When women experience violence, there are multiple consequences. Women who are abused often need to seek legal, police and health care services. Safe places like shelters are also needed when these women leave home due to abuse. And governments have to provide these services.
This is a cost to both the government and the economy. The other cost is from lost productivity. But the important cost that is rarely paid attention to is effect on children.
Children who are exposed to violence are traumatised and more likely to be sick and their performance is in most cases poorer than for kids who come from stable homes.
Children in violent homes are also prone to anxiety, depression and other disorders and all this can affect educational outcomes and the future economic status of that child. These children are also more likely to grow up and become perpetrators of violence.
Gender ministries are underfunded. What activities need to be funded that are denied resources?
First, the government has to be very clear on the risk factors for violence against women. And now we know that there are two major groups of risk factors for violence against women.
The first is exposure to violence in childhood. The second is a group of risk factors that are related to gender inequality. So you have to tackle both simultaneously and you have to change how you do programmes.
Most programmes available in these countries are to do with police and judicial response but that comes after the woman has been violated.
What needs to be done is to stop violence before it begins. And the only way to do this is through large scale prevention. This means working in schools.
The Ministry of Education has to make sure schools are a safe place for children; that the children are not experiencing violence and that the curriculum promotes gender equality and respect between boys and girls.
That it teaches boys, to socialise with girls from a very young age. And that the only basis for interaction between boys and girls is mutual respect and equality. The children have to know that violence is not a solution to any conflict.

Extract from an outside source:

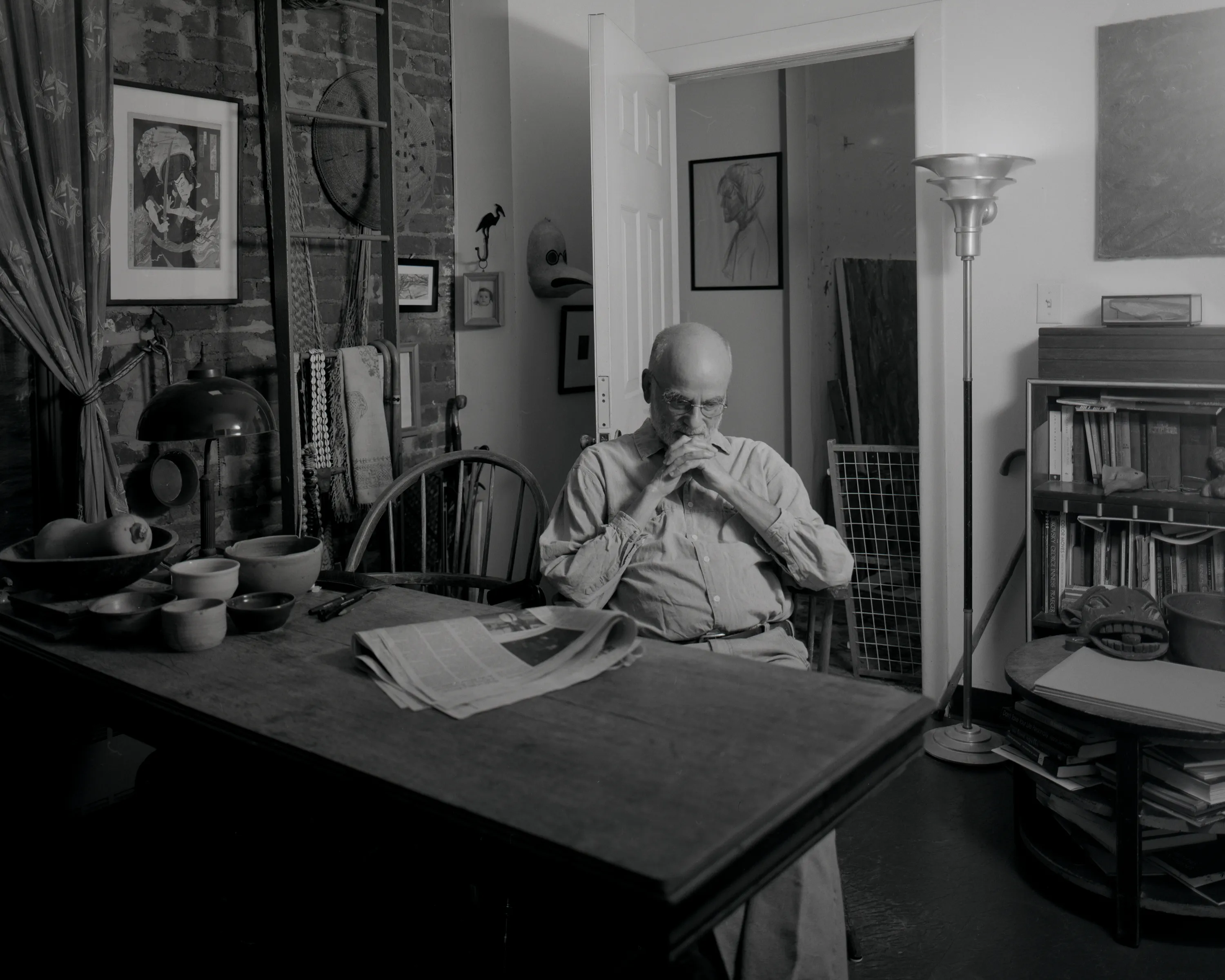 Portrait of Andy in his kitchen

The second area is to work with communities to change norms around acceptability of violence. We have to show communities that violence against women is not acceptable and that we all have to use our power positively to resolve conflicts in a non-violent way.
There are programmes that have been developed within Uganda, that have been shown to work. You need to scale these up and change norms.

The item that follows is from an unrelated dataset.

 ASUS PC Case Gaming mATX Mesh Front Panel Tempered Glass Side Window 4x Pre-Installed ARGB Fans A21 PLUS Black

SGBV has mostly been tagged as an issue of men versus women and that the focus on GBV has ignored the men. What carrot are you giving men, to convince them to give up their positions of power?
There is a programme in Uganda called Sasa (Kiswahili for “now”) that helps communities understand negative and positive uses of power in relationships.
The approach in this is to show how men and women can share power without one group feeling like they are losing power or another is gaining.
And the way to do this is to talk about power, sharing it and how this helps relationships become healthier, happier and more productive. It is not about one party losing or another gaining.
It is not a zero-sum game; it is more about thinking that a healthy, happy satisfying relationship between men and women is based on respect, mutual power sharing and equality. So everyone wins, when power is shared.